» **YOUR ASSIGNMENT**
An exact, line-by-line copy is needed, beginning at the line with "Veste courte écru" and ending at the last line of the listing below.

» **DATA FOR THIS TASK**
[Start of section]

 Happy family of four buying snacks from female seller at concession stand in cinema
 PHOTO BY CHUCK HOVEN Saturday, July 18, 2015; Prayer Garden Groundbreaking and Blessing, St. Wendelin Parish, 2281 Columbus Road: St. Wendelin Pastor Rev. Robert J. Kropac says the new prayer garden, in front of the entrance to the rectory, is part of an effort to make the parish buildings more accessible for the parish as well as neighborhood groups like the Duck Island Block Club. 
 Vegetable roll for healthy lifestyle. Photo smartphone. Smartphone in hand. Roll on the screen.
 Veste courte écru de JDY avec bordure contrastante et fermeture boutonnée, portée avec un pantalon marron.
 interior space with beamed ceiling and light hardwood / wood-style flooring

[End of section]

» **SOLUTION FOR THIS EXERCISE**
 Veste courte écru de JDY avec bordure contrastante et fermeture boutonnée, portée avec un pantalon marron.
 interior space with beamed ceiling and light hardwood / wood-style flooring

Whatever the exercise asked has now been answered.